Print exactly those lines that run from the beginning of the data to the line bearing "Josef Newgarden chats", inclusive.

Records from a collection

..........

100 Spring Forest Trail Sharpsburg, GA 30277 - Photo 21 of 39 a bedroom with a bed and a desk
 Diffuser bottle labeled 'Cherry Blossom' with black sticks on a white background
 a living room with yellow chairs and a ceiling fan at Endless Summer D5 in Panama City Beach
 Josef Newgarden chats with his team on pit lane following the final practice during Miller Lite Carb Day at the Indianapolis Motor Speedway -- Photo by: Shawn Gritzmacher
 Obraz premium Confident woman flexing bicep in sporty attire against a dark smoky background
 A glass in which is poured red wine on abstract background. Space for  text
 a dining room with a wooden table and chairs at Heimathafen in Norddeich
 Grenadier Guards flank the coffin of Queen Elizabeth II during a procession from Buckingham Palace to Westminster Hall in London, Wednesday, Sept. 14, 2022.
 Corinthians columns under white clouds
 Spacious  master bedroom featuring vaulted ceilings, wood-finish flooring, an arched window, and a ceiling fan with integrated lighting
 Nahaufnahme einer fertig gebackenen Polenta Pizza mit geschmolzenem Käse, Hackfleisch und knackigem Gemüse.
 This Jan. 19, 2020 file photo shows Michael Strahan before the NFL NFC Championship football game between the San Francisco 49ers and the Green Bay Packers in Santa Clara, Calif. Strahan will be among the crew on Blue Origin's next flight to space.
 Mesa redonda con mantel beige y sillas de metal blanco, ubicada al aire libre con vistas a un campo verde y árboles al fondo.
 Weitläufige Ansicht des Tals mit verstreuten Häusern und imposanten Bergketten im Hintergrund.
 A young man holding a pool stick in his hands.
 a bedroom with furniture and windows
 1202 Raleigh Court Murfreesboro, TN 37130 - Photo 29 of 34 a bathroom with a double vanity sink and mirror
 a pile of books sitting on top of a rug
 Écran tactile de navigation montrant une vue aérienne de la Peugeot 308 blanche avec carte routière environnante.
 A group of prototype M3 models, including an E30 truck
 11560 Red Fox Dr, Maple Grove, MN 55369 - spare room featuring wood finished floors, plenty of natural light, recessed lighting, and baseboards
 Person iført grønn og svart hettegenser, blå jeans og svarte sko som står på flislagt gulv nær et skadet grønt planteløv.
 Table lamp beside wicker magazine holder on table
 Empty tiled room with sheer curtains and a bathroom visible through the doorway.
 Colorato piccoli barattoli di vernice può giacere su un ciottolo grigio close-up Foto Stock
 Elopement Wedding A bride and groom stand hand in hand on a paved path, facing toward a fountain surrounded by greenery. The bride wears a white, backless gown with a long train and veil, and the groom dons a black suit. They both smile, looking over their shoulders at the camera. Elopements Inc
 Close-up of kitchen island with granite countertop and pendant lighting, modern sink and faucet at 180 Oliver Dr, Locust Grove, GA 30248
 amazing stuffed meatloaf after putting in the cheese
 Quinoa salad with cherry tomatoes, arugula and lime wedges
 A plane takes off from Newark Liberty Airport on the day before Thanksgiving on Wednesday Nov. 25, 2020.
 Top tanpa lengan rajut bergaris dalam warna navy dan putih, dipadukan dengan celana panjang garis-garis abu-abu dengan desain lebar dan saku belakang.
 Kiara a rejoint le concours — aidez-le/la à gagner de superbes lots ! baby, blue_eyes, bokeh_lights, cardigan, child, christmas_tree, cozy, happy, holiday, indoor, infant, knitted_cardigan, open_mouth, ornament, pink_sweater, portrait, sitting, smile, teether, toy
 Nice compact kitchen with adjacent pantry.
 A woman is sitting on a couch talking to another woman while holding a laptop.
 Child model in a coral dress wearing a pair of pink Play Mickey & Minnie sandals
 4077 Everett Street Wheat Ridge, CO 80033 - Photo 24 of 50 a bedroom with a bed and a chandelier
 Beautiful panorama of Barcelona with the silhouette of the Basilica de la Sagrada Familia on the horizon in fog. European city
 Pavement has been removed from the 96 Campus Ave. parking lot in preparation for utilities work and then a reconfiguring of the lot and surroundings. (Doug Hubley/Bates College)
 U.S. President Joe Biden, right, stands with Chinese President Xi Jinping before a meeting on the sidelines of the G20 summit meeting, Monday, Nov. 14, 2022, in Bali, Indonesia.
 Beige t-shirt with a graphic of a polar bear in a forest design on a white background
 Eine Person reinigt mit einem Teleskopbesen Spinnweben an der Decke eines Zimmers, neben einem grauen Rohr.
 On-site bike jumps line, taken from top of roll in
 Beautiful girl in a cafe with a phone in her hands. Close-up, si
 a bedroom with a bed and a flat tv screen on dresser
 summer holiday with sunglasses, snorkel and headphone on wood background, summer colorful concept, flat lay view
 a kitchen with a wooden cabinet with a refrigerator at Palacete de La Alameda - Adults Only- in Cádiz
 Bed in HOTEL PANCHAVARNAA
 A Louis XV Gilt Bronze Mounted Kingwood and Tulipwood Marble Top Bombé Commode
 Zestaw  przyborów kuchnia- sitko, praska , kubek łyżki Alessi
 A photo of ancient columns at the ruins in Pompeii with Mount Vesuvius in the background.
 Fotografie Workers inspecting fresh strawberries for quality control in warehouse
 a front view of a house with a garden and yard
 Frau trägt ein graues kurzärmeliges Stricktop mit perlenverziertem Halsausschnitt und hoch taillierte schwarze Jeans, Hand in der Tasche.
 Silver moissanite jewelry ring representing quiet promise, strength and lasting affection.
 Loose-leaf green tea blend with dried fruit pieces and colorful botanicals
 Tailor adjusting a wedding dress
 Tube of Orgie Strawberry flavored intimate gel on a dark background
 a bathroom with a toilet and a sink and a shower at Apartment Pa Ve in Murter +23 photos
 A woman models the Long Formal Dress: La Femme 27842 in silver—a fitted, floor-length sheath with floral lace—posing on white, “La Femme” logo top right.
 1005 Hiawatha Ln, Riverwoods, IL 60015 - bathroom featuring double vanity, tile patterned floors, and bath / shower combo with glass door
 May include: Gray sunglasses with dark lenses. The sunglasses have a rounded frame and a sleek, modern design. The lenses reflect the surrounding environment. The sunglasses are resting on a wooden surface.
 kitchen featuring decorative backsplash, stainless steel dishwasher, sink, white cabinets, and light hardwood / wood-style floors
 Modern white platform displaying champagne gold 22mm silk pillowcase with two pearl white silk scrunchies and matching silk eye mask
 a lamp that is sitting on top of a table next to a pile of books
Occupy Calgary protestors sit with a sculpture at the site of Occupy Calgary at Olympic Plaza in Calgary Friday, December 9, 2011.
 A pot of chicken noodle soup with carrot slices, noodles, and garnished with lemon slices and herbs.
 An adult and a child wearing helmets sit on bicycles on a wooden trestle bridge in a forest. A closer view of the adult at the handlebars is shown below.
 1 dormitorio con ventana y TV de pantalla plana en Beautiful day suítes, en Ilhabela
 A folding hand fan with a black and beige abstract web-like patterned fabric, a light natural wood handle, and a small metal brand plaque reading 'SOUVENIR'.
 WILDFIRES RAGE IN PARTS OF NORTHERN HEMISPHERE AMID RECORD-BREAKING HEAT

..........

Written answer:
100 Spring Forest Trail Sharpsburg, GA 30277 - Photo 21 of 39 a bedroom with a bed and a desk
 Diffuser bottle labeled 'Cherry Blossom' with black sticks on a white background
 a living room with yellow chairs and a ceiling fan at Endless Summer D5 in Panama City Beach
 Josef Newgarden chats with his team on pit lane following the final practice during Miller Lite Carb Day at the Indianapolis Motor Speedway -- Photo by: Shawn Gritzmacher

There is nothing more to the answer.